Directed by Lee Unkrich and Adrian Molina

I’m far from the only one to have Pixar fatigue, but it has been WAY too long since I’ve gotten excited for another animated film from them.  Even the prospect of Incredibles 2 only fills me with a mix of ennui and meh, so what hope does this film have to bring me back around on the studio?  Well it’s not a sequel for one which is a good sign and its premise, while not what I would call unique (*cough* Book of Life *cough* Grim Fandango *cough*), at least appears to be fleshed out (nyuk-nyuk-nyuk) as all the trailers show an immense level of detail and craftsmanship in every frame as well as an amazingly diverse cast that looks to bring an underrepresented culture to the big screen.  Hey, after the mostly positive reception and commercial success of Moana, it makes sense for Disney to stick with the formula; though hopefully we haven’t reached the point of diminishing returns just yet.  Will this be the standout animated film of the year like we’re in the golden age of Pixar, or has ship already sailed for one of the biggest giants of the industry?  Let’s find out!!
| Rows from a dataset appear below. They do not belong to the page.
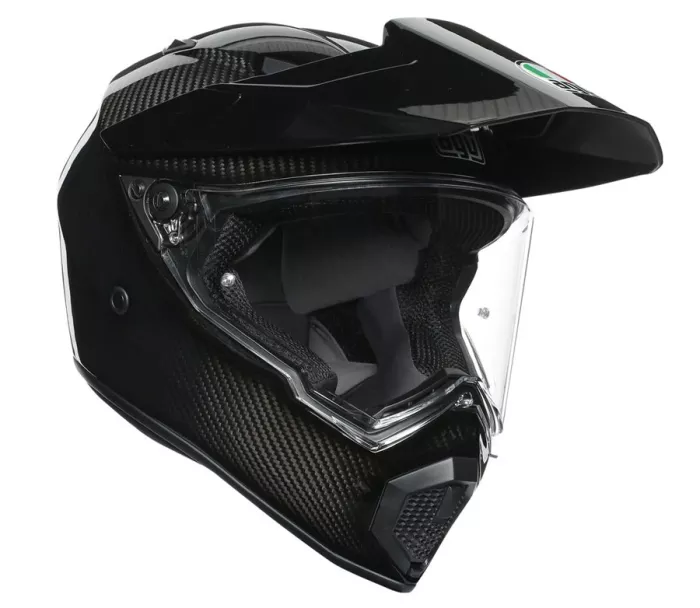 Helma na moto AGV AX9 E2205 SOLID MPLK GLOSSY CARBON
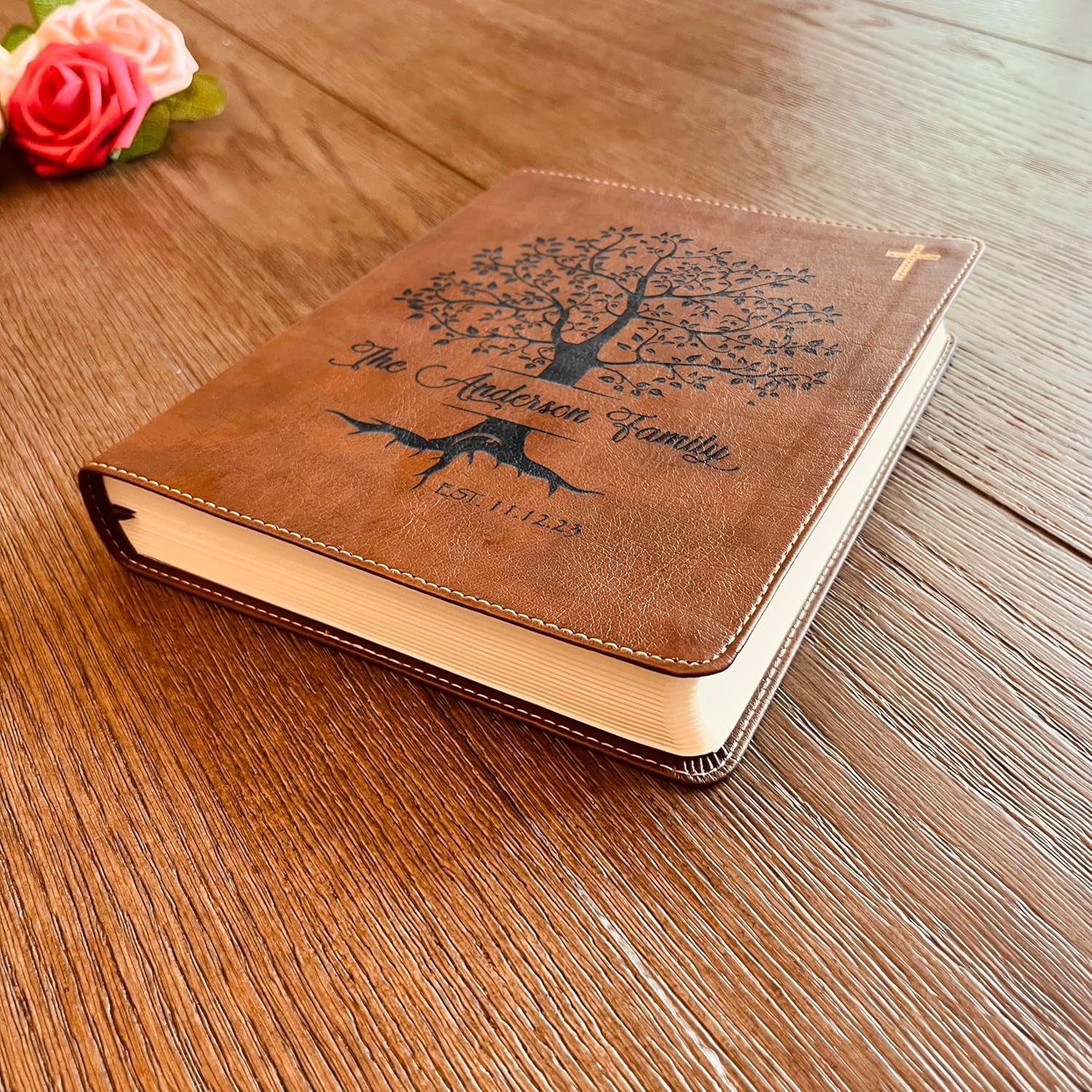 STARKENBURG COMPANY Personalized Family Bible, Custom NIV Family Journaling Bible, Wedding Gifts, Christian Gifts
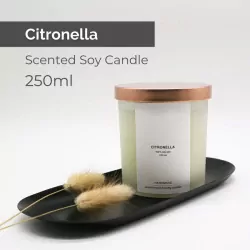 Citronella Scented Soy Candle
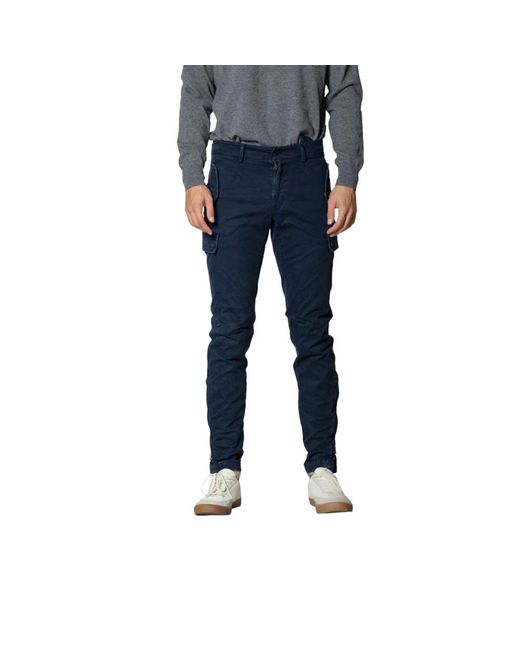 Mason's Blue Slim-Fit Trousers for men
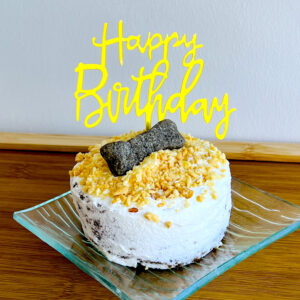 mini dog birthday cake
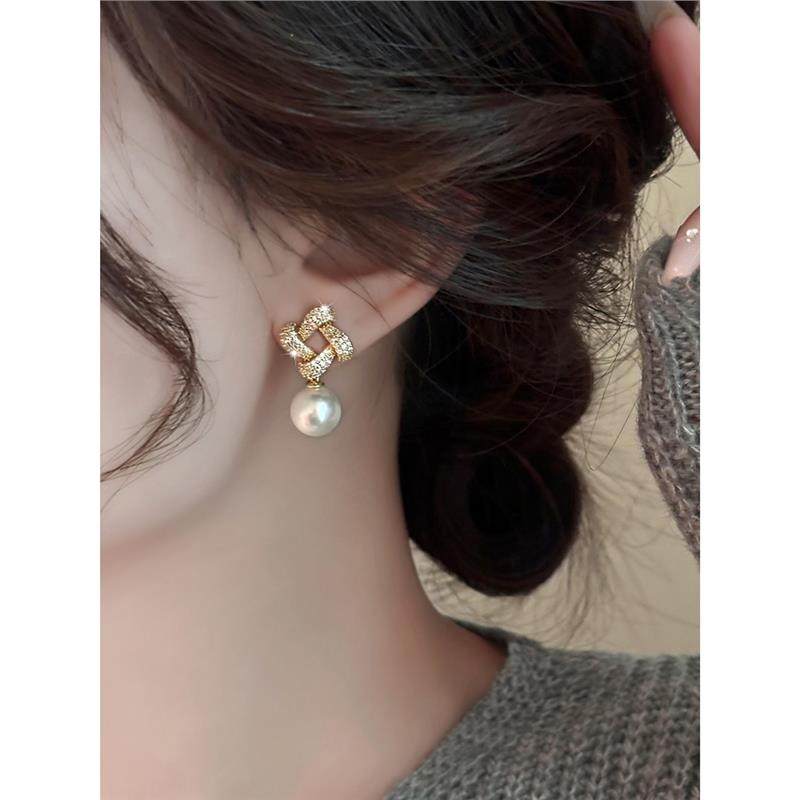 官方旗舰店正品银耳环9999纯银针珍珠耳坠名媛耳饰2025新款耳钉,淘宝优惠券,粉丝福利购,淘宝优惠卷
The movie begins by telling us the history of the Rivera family where Imelda Rivera (Alanna Ubach) was stuck raising little Coco as her husband walked out on them to live out their dream as a world famous musician.  She didn’t let that get her down that she pulled herself up by her bootstraps and spent the rest of her life making shoes and teaching her family to make shoes; all the way to the present day where SHE may be dead and gone, but Coco is still around (Ana Ofelia Murguía) as the oldest living relative of the Rivera family and the great grandmother of Miguel (Anthony Gonzalez).  Now despite Imelda more or less banning music in the Rivera household which is a tradition that has carried to this day, little Miguel can’t help but want to be a musician like his hero Ernesto de la Cruz who was a famous musician long ago and is still fondly remembered in Mexico to this day.  In fact… maybe there’s a connection between the guy who walked out on Imelda to become a famous musician, and this famous musician that Miguel is obsessed with right now!?  Maybe he’s the long lost great great grandfather and the only one in his family that would understand his love of music!?  Well Miguel is certainly convinced of this after finding some photographic evidence and decides to… rob Ernesto de la Cruz’s grave so he can use his guitar to win a talent competition?  Okay… seems a bit extreme, but whatever!  THE KID’S GOTTA PLAY!!  Too bad that robbing a grave gets you a one way ticket to the afterlife as Miguel finds himself more or less a ghost to those in the living world and eventually finds himself in the city of the dead where all the people who died are now skeletons; including Imelda Rivera and the rest of his extended family!  Will Miguel find a way to get back home before his brief vacation among the dead turns into a permanent residency?  What will he be able to learn about himself and his family during his treat; including the elusive Ernesto de la Cruz who may be able to help Miguel live out his dreams as a musician?  How the heck is a human supposed to survive in a city of the dead anyway!?  It’s not like any of the residents have lungs, so do they even have oxygen there!?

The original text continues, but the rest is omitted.